Esa línea entre el estado de salud y el estado financiero de la población de la tercera edad estaría constituyendo una de las grandes razones de la alta tasa de suicidios. Según explica Emanuel Rechter, psicólogo clínico y director de Psicología de la Universidad Andrés Bello, esta situación en condición de pobreza se vuelve aún más extrema: “La soledad y el abandono son fenómenos que suelen darse con algún grado de frecuencia. Como consecuencia de eso, se dan estados depresivos asociados a enfermedades crónicas o propias de la edad. Además, existe un cambio muy relevante en las condiciones de dependencia. Lo que ocurre en la tercera edad es un proceso involutivo en el que la autonomía y dependencia comienza a perderse. A eso hay que agregar que todo esto se exacerba y se vuelve dramático en condiciones de pobreza, porque otra cosa es con medios económicos. Este conjunto de elementos genera un malestar que se puede volver insoportable”.

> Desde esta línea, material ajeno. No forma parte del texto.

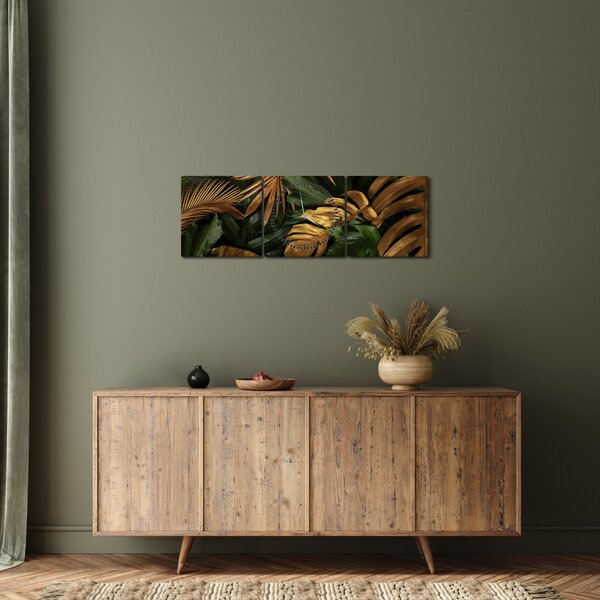 Obraz - Zlaté listy (s hodinami) (90x30 cm)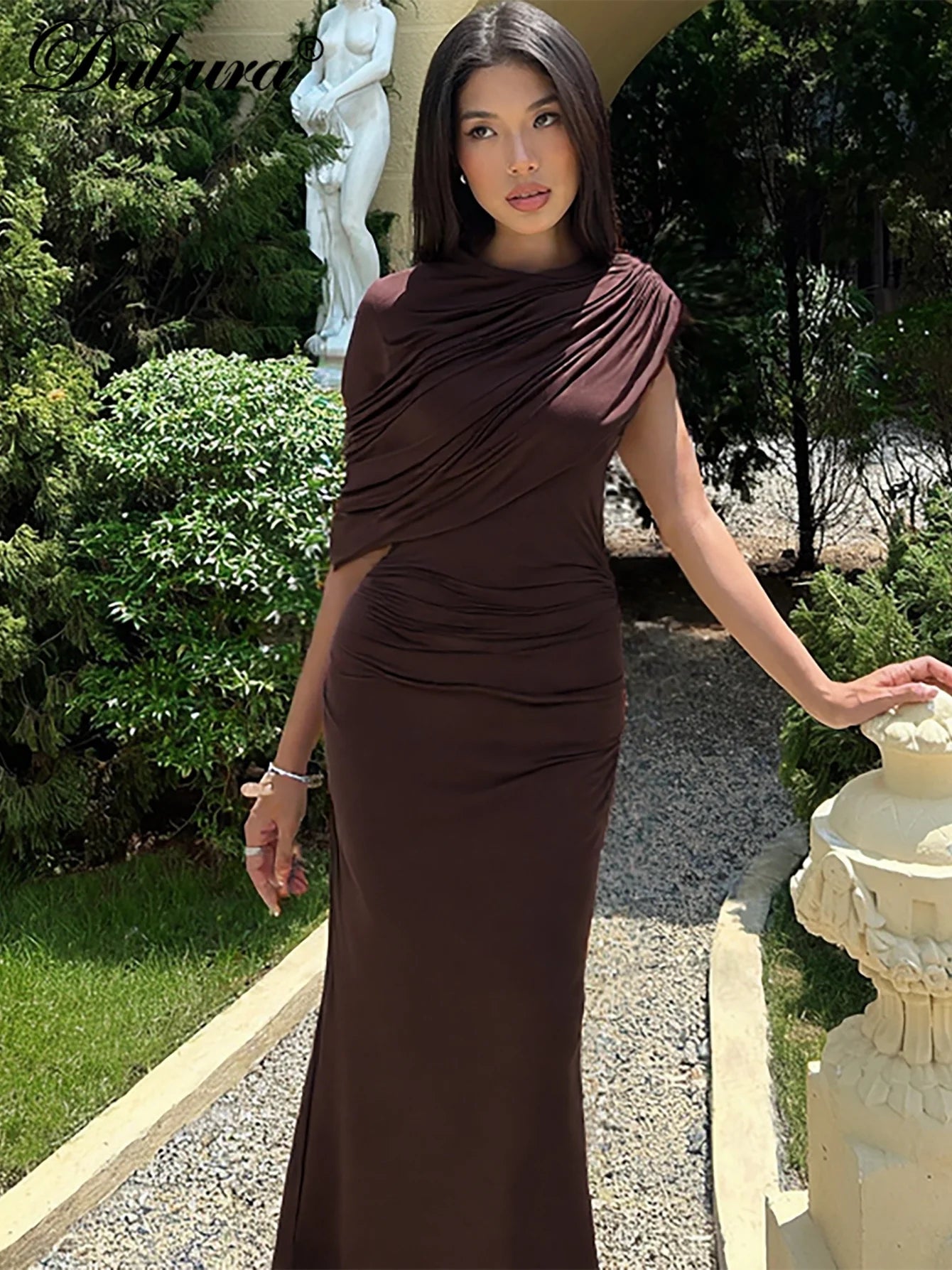 Dulzura Summer Fashion Elegant O-Neck Sleeveless Ruched Slim Fit Long Dress Women'S Solid Casual Dress Party Club Street Clothes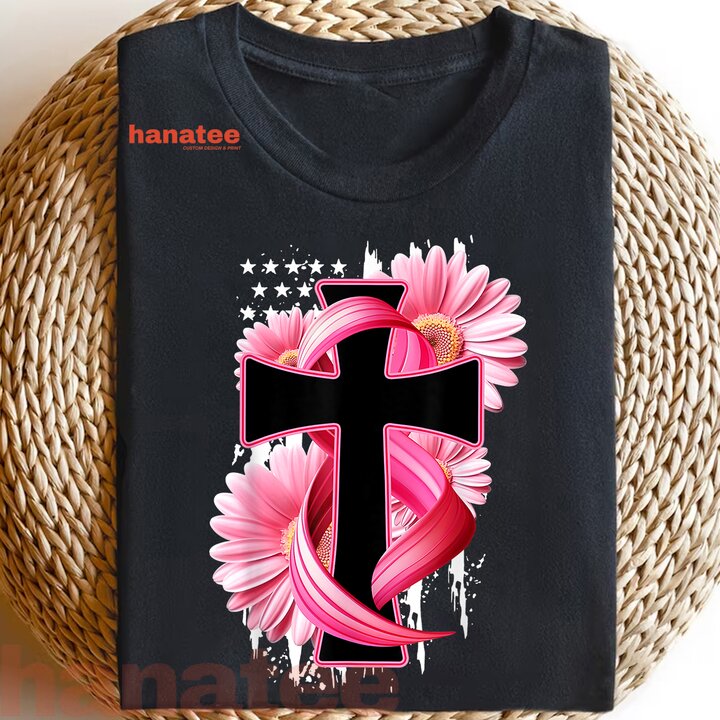 Cross With Pink Sunflower Breast Cancer Awareness  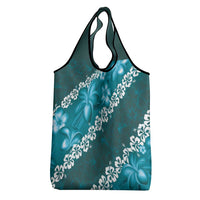 Vintage Dark Cyan Polynesia Grocery Bag Plumeria With Hibiscus Tropical Vibes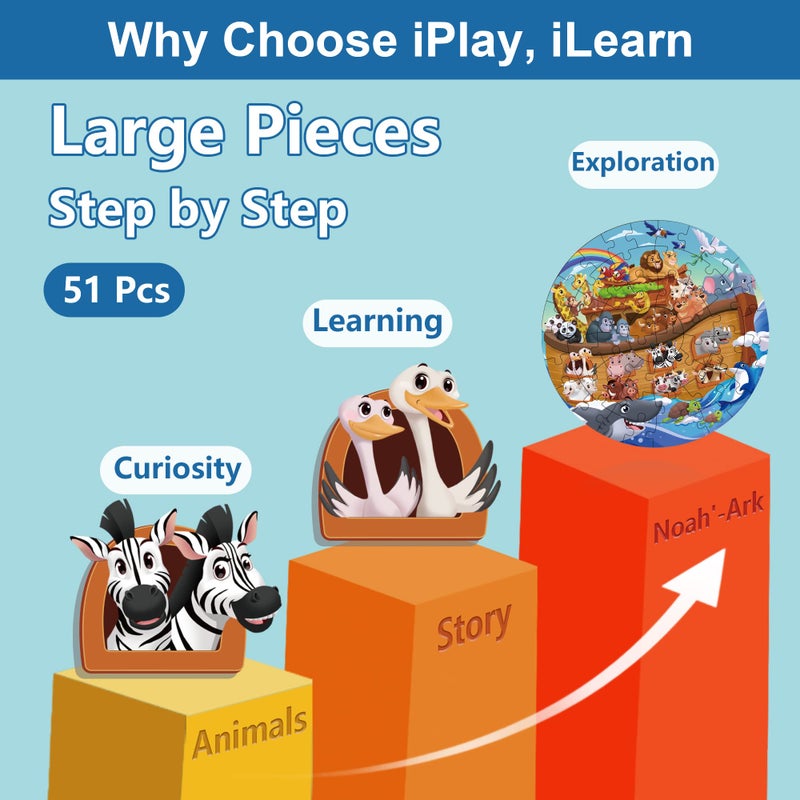 iPlay, iLearn ألعب، أتعلم ألغاز حيوانات نوح الخشبية للأطفال، ألغاز أرضية للأطفال من عمر 3-5، 4-8، 51 قطعة كبيرة من ألغاز الصور المقطوعة التعليمية، هدية عيد ميلاد للأطفال من عمر 6 و7 سنوات - Image 2
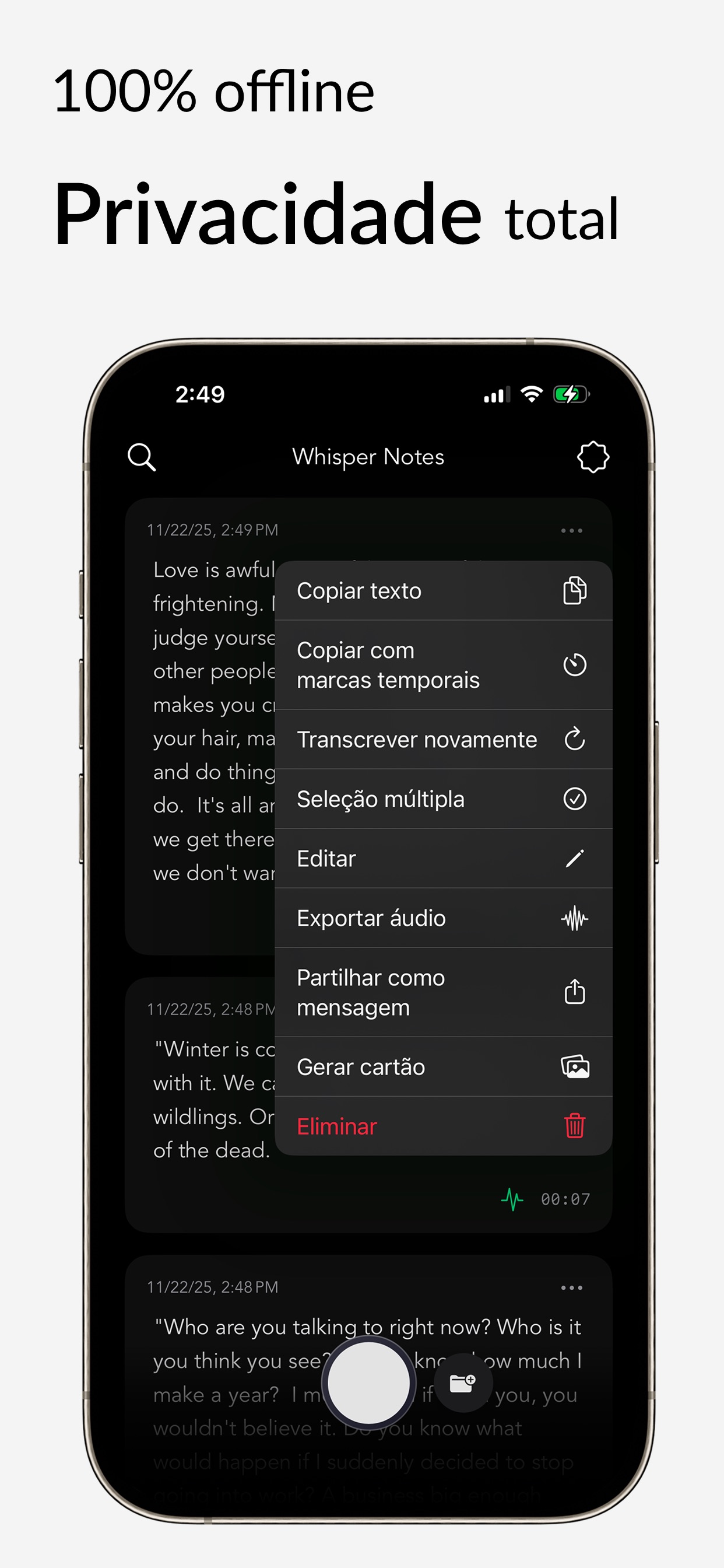 Captura de ecrã 2 da app Whisper Notes - Voz para Texto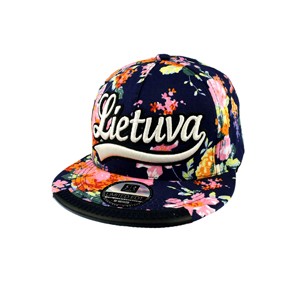Mėlyna gėlėta kepurė Full Cap LIETUVA - Robin Ruth. 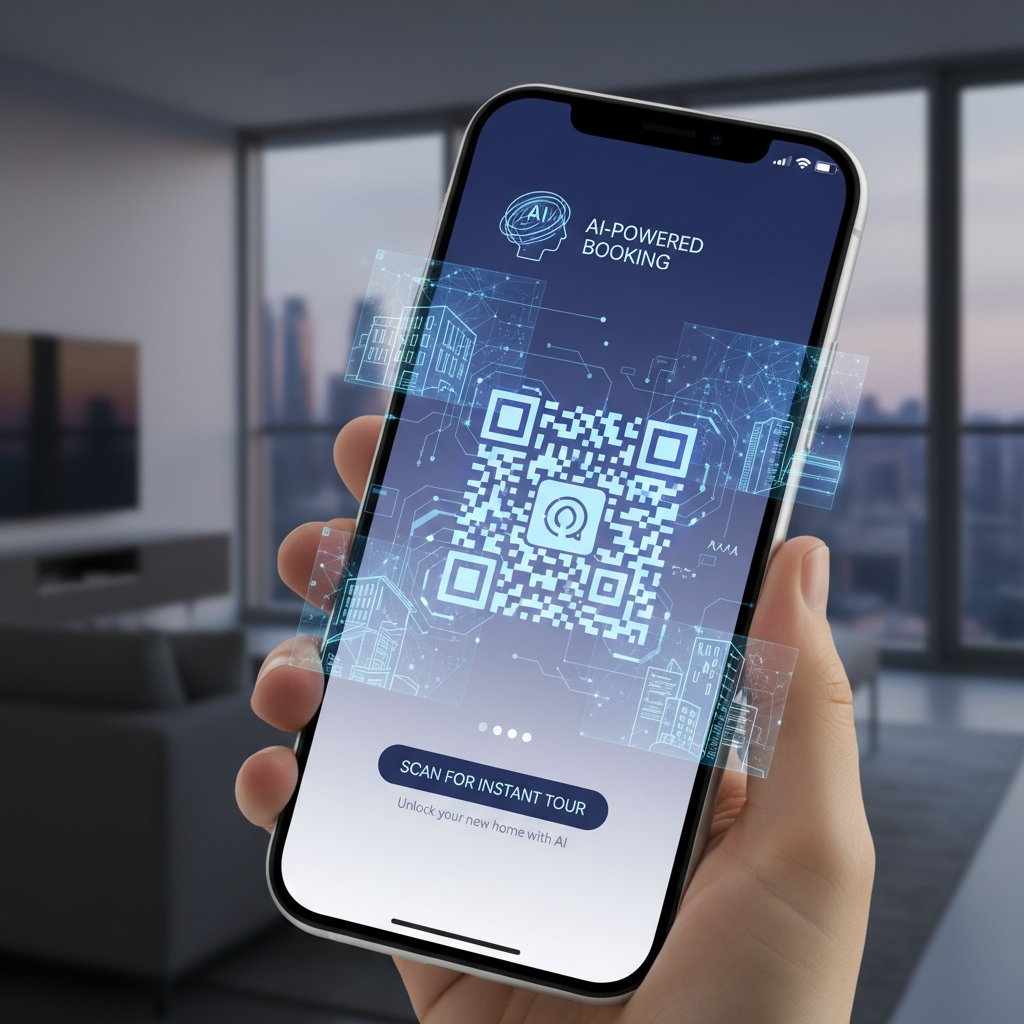Nowoczesna aplikacja mobilna do rezerwacji apartamentów, wizualizacja kodu QR, elementy AI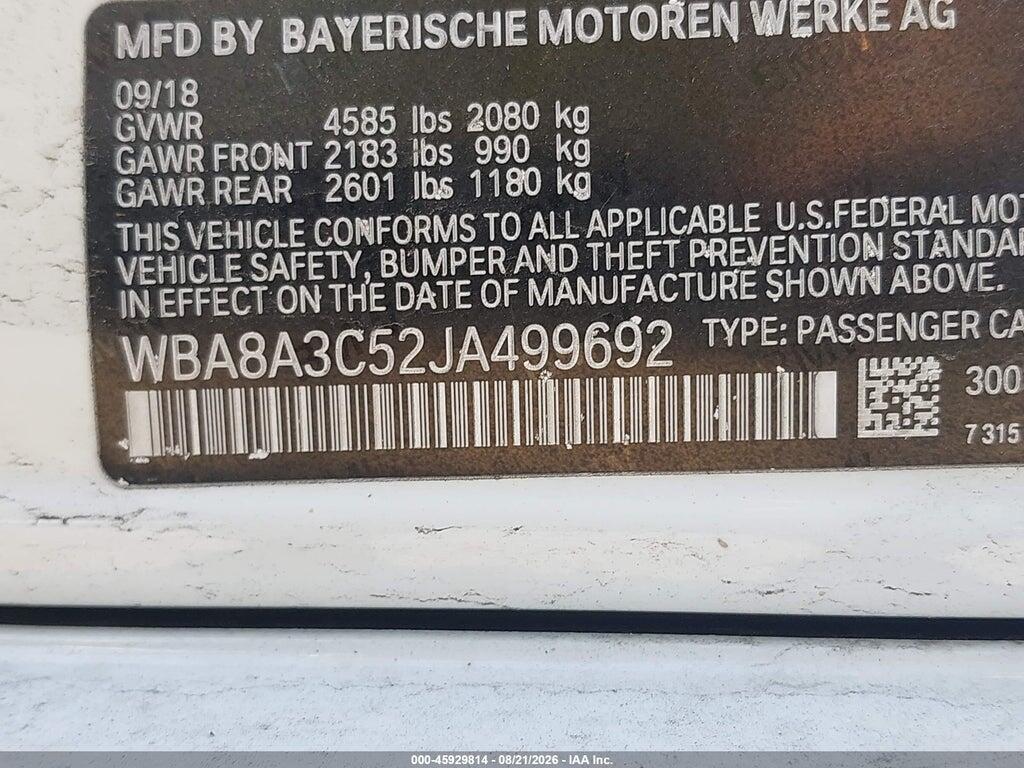 WBA8A3C52JA499692 2018 BMW 320I photo no. 9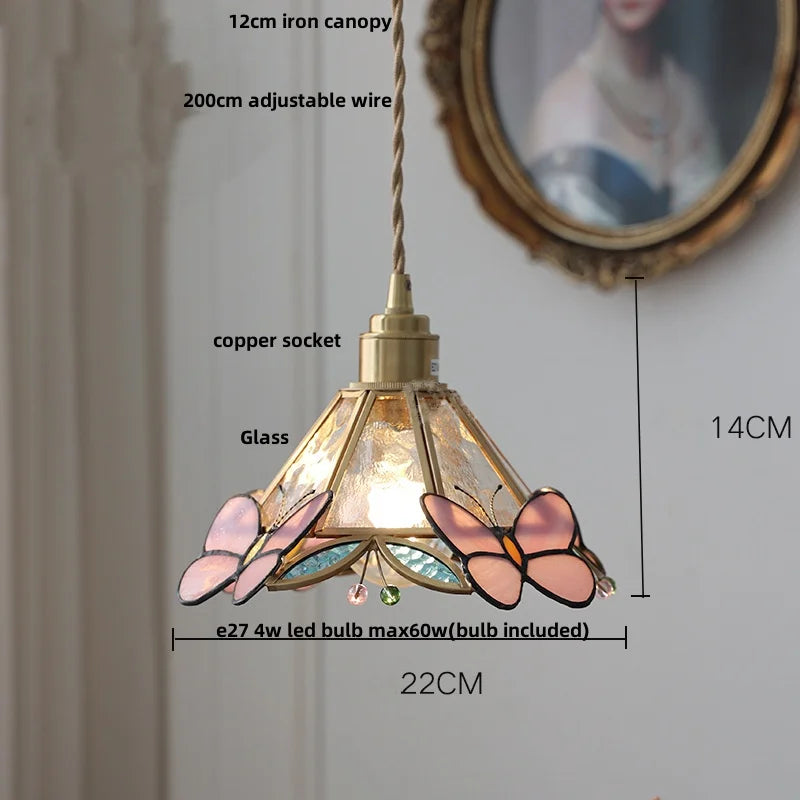 suspension en verre coloré avec fil de bois réglable moderne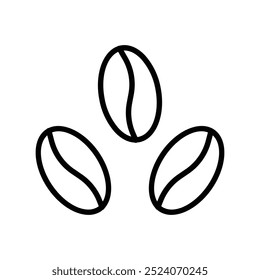 Kaffeebohnensymbol. Gliederungsdesign einzeln auf weißem Hintergrund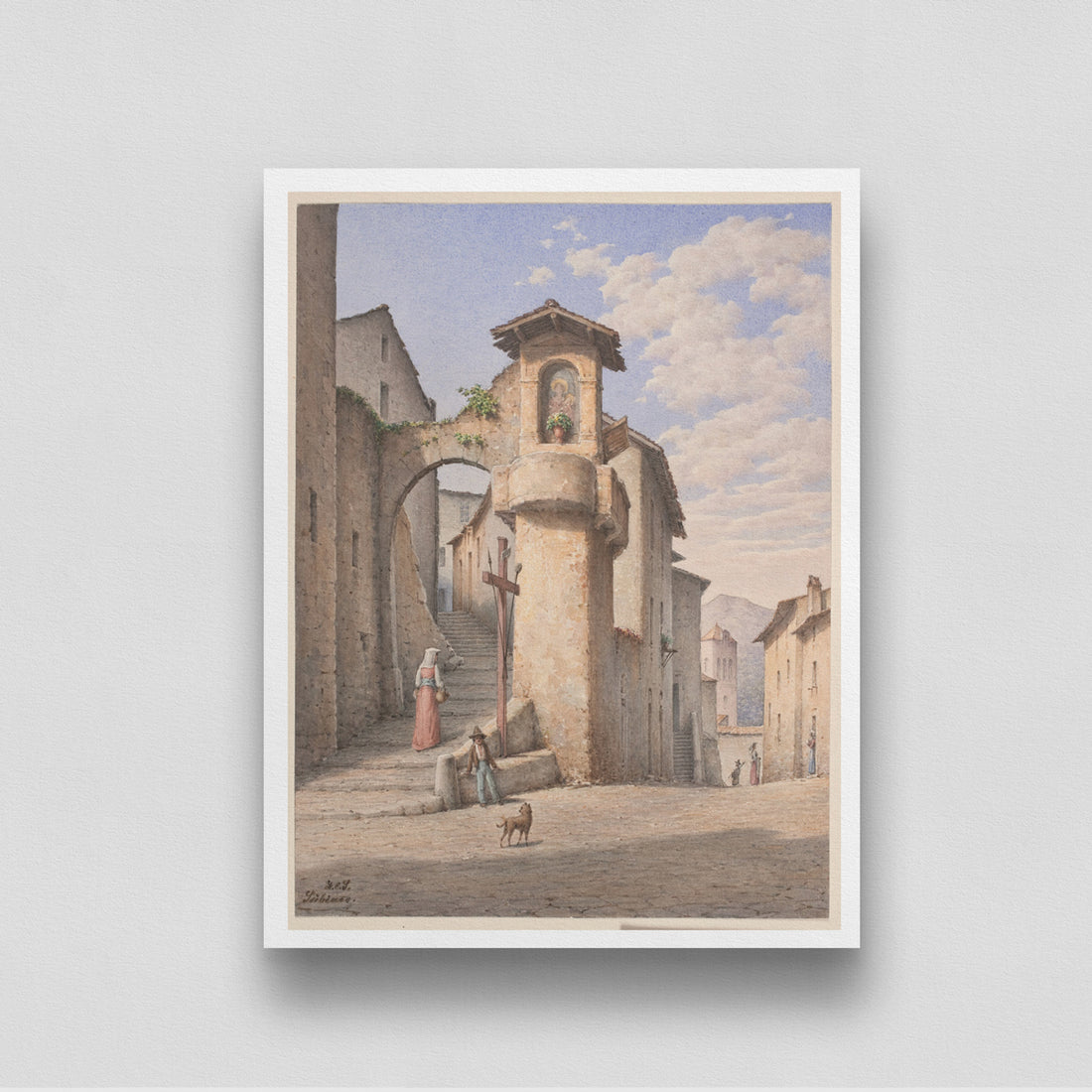 Street Scene in Subiaco, Italy  by - Julius Friedlænder 3 : 4 Vertical New Premium Wall Art Canvas by MeriDeewar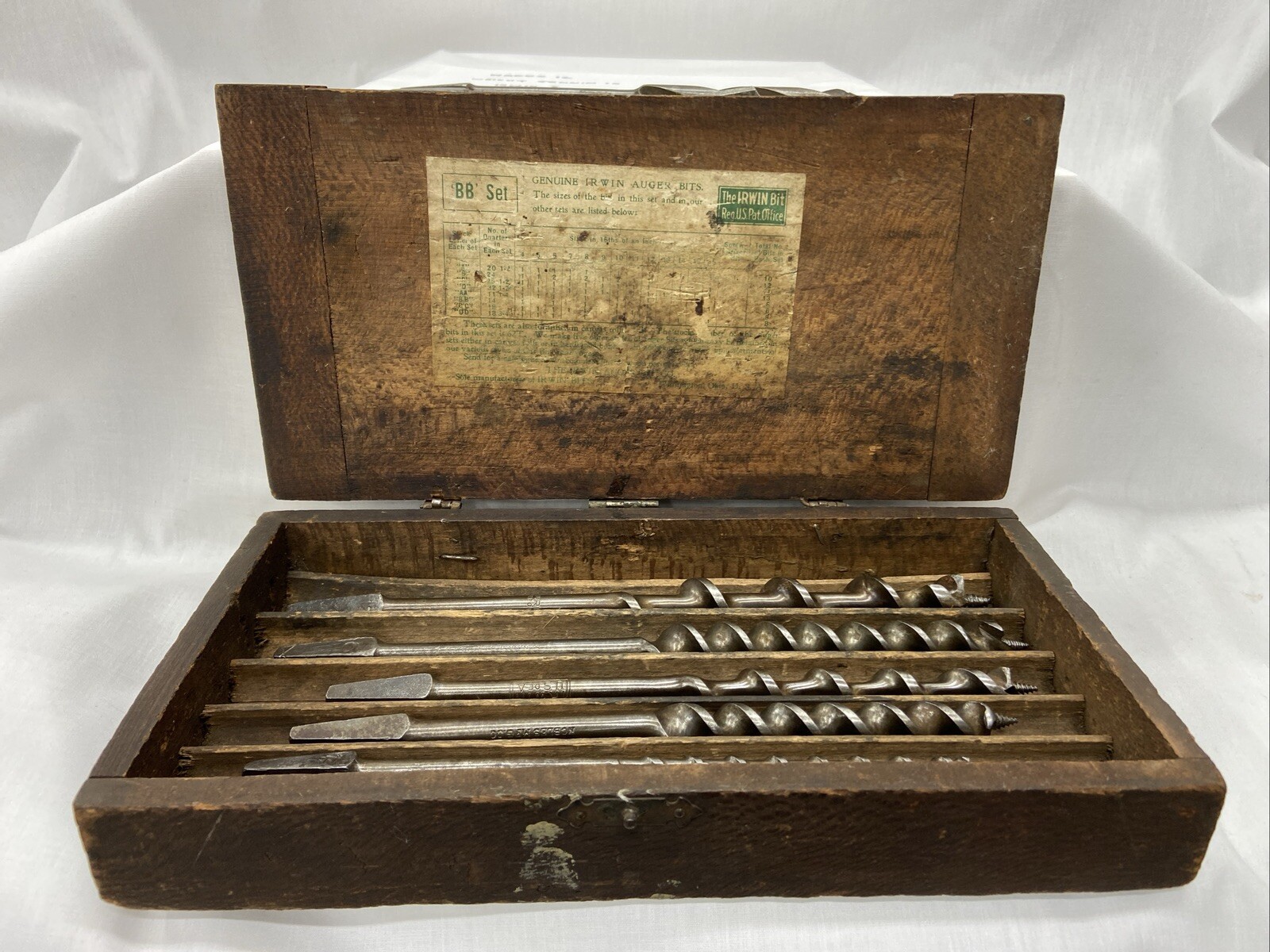 Vintage Irwin & Other Auger Bits In Original Irwin Wood Box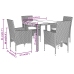 Set comedor jardín 5 pzas cojines ratán sintético vidrio blanco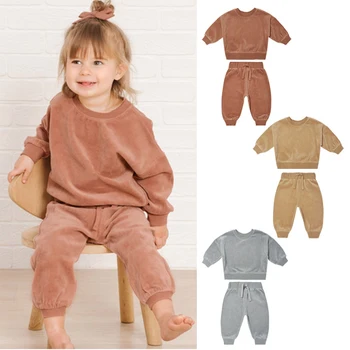 Bebek Bebek Kız Erkek Pamuklu giysiler Set Düz Renk Uzun Kollu Kazak Tops+Pantolon 2 Adet Sonbahar Kış Çocuk Sıcak Kıyafet 3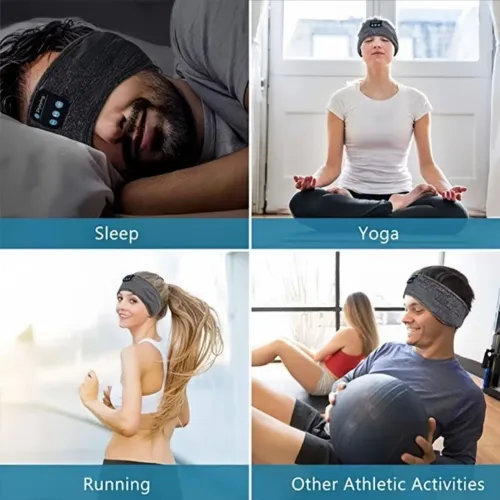 Fone de ouvido Bluetooth com bandana cor preta para sono e várias atividades.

El director de Psicología UNAB también sostiene que el contexto social, de orientación privada, no le facilita la vida a la tercera edad. A raíz de eso sugiere la idea de que es urgente avanzar hacia el desarrollo de políticas que le den cara al problema: “Infancia y vejez son claramente dos etapas del ciclo vital que desde el punto de vista de nuestro compromiso están en segundo plano. Y en gran medida eso pasa porque los niños y viejos dejan de ser parte del circuito productivo. No tienen poder adquisitivo. Nuestro sistema, fundamentalmente privado y asociado al consumo y al pago de servicios, no ve ni en niños ni en ancianos un público objetivo rentable. Hay que avanzar sobre la base del desarrollo políticas públicas eficientes reales y costosas que se hagan cargo de este enfrentar este problema. En primer lugar, un sistema de pensiones digno. Además, un sistema de salud eficiente capaz de responder en los tiempos que los viejos requieren respuestas, que son tiempos breves”

El estudio, además, indica que quienes más se suicidan entre los adultos mayores son los hombres, los que representan el 84% de los casos.